Create a role trust in Vultr IAM to define who can assume a specific role. Configure trust relationships for users, groups, organizations, or OIDC issuers.
A role trust defines who is allowed to assume a specific role and under what conditions. Before creating a role trust, you must first create an assumable role. The trust relationship links the role to a trusted entity — a user, a group, or an OIDC issuer — and can include conditions such as IP restrictions, time-of-day limits, and an expiration date.
There are three trust types:
This guide explains how to create a role trust using the Vultr Console and the Vultr API.
A role trust is created as part of the assumable role creation flow.
Log in to the Vultr Console.
Click the organization name in the top navigation bar.
Click Manage Organization.
Click the Roles tab.
Click the + button to add a new role.
Select Assumable Role.
Enter a Name and optional Description for the role.
Under Trusted Entity, select the entity type (User, Group, or OIDC Issuer) and choose the specific entity from the dropdown.
Configure the assumption schedule:
(Optional) Under IP Access Restrictions, enter one or more allowed IP addresses (IPv4 or IPv6) to restrict role assumption to specific source IPs.
In the Permission Policies section, search for and select the policies to attach.
Click Add Role.
The assumable role is created with the trust relationship configured. To view the trust details, click the role name and expand the Role Trust section.
Send a GET request to the List Roles endpoint to retrieve all roles in your organization.
$ curl "https://api.vultr.com/v2/roles" \
-X GET \
-H "Authorization: Bearer ${VULTR_API_KEY}"
Note the id of the assumable role for which you want to create a trust.
Identify the trusted entity. You need either a user_id, group_id, or oidc_issuer_id depending on who should be allowed to assume the role.
Send a POST request to the Create Role Trust endpoint to create the trust relationship. Replace ROLE-ID with the assumable role id and USER-ID with the trusted user id. Use trusted_group_id or trusted_oidc_issuer_id instead of trusted_user_id if trusting a group or OIDC issuer.

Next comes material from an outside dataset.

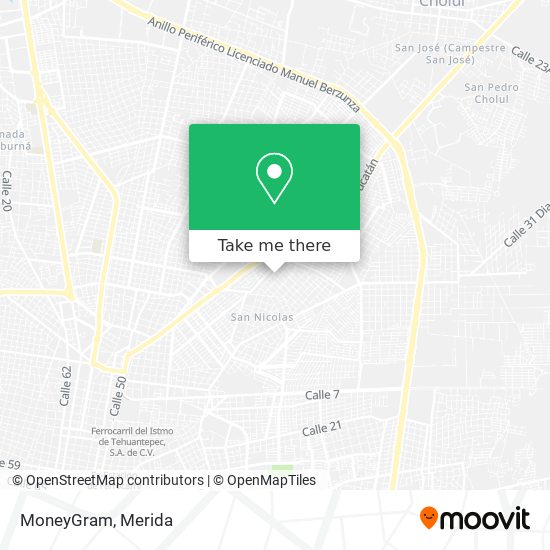 MoneyGram map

Adjust the conditions and valid_until fields as needed. Add allowed source IPs to the ip_address array to restrict role assumption to specific IPv4 or IPv6 addresses. Leave the array empty to allow all IPs.
$ curl "https://api.vultr.com/v2/role-trusts" \
-X POST \
-H "Authorization: Bearer ${VULTR_API_KEY}" \
-H "Content-Type: application/json" \
-d '{
"role_id": "ROLE-ID",
"trust_type": "IAMAssumption",
"trusted_user_id": "USER-ID",
"conditions": {
"time_of_day": {
"timezone": "utc",
"days_of_week": ["monday", "tuesday", "wednesday", "thursday", "friday"]
},
"ip_address": ["203.0.113.10", "2001:db8::1"]
},
"valid_until": "2026-06-20T03:59:59+00:00"
}'
A successful request returns an HTTP 201 Created response.
Note the id of the role trust for future operations.
Send a GET request to the Read Role Trust endpoint to retrieve the trust details. Replace {role-trust-id} with the id returned from the creation request.
$ curl "https://api.vultr.com/v2/role-trusts/{role-trust-id}" \
-X GET \
-H "Authorization: Bearer ${VULTR_API_KEY}"
The response contains the resource details.